Play enough John Lennon-composed songs -- within The Beatles or without them -- and sooner or later you will run into an augmented chord. It's unfortunate, too, because augmented chords are knotty messes for guitarists. There's never a clean way to voice them and get a "full" sound, mostly because augmented chords are simple three-note constructions. Give me a diminished or a diminished-seventh chord any day over an augmented chord.

But back to John Lennon.

Right at the start of their recording career, The Beatles released "Ask Me Why" as the b-side to their second single, "Please Please Me", and there it is: a Lennon augmented chord. You can hear it in the transition to the bridge, after the words "you're the only love that I've ever had" and before "I can't believe," as the progression moves from the I chord to the I+ chord.

You'll find it again in songs like "It's Only Love", where he uses a V-to-V+ transition at the end each phrase of the verses: "my oh my," "butterflies," "every night," and "very bright."

But in particular, John seemed to like to use the G augmented chord. He used it very early on, in The Beatles' hit single "From Me to You" -- listen closely as they sing "and keep you satis-fied, wooo!" and you'll hear that G-to-G-augmented movement. You can hear that chord again in "Being For the Benefit of Mr. Kite" during the first phrase of the verses: "for the benefit of Mr. Kite", "the Hendersons will all be there," etc.

In "Real Love", John found a way to use the G augmented chord within the key of E major, which is no easy task. Beginning with a simple progression of I-iii-vi (the same progression he uses to open "Across the Universe", "A Day in the Life", and "Anytime at All" to name a few), he turns to the augmented chord on the lyric "lost like some forgotten dream" -- it's a very different effect in this context than when he uses the exact same chord in "From Me to You", "Mr. Kite", or elsewhere.

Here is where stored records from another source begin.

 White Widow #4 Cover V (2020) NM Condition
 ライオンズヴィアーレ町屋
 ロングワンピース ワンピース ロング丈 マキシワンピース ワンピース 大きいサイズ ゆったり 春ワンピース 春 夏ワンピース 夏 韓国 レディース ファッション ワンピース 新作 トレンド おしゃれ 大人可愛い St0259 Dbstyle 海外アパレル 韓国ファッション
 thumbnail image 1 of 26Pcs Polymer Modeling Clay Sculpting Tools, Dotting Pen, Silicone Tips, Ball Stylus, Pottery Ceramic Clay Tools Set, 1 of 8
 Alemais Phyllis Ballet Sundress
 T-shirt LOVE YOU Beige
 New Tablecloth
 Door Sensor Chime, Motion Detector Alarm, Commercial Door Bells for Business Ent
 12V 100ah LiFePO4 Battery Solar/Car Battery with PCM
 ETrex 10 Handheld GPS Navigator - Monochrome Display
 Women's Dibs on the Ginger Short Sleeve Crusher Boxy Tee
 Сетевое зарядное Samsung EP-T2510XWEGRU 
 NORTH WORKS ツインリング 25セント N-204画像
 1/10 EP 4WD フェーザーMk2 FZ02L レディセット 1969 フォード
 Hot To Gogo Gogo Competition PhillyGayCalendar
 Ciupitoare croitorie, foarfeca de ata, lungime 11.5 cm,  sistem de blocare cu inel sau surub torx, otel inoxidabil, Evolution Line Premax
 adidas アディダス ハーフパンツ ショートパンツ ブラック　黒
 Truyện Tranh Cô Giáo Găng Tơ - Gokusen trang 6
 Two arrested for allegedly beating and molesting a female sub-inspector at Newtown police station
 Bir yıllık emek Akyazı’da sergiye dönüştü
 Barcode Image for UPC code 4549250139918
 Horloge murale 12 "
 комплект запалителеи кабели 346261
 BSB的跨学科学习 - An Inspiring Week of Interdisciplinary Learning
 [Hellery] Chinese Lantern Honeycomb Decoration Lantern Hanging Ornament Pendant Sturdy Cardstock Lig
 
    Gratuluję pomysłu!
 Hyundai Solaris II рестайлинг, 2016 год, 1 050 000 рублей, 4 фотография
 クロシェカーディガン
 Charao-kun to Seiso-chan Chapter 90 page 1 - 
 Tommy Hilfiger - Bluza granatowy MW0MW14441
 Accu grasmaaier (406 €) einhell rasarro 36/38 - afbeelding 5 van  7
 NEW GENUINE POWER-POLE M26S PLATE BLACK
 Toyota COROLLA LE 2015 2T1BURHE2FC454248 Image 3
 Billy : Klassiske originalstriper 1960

But getting back to The Beatles' canon proper, there are two songs in which John uses this same augmented chord in the same key as "Real Love", in almost exactly the same way.

It Won't Be Long

First, consider this early-penned composition, found on The Beatles' second studio album, With The Beatles. In the bridge of the song -- "since you left me, I'm so alone" -- John uses this interesting chromatic progression to work his way to a target chord of VI7, and he gets there by way of that G augmented chord:

The bass line simply moves chromatically down the scale -- 1-7-b7-6 -- but the chords that John uses to fill in the space around that descending line are very interesting choices.

And Your Bird Can Sing

By comparison, consider the chord progression from this Revolver track, recorded less than three years after "It Won't Be Long" and certainly with a different groove. Once again, John uses the augmented chord in the midst of chromatically descending line, and just as in "It Won't Be Long", he moves towards a target VI7 chord to end the phrase:

While this chord progression begins at a different starting point than "It Won't Be Long" (the iii chord as opposed to the tonic chord), the movements are incredibly similar and end up arriving at the same destination.


  1. A great article, I'm surprised there aren't any comments. Thank you! I've been noticing John's usage of this chord for a while.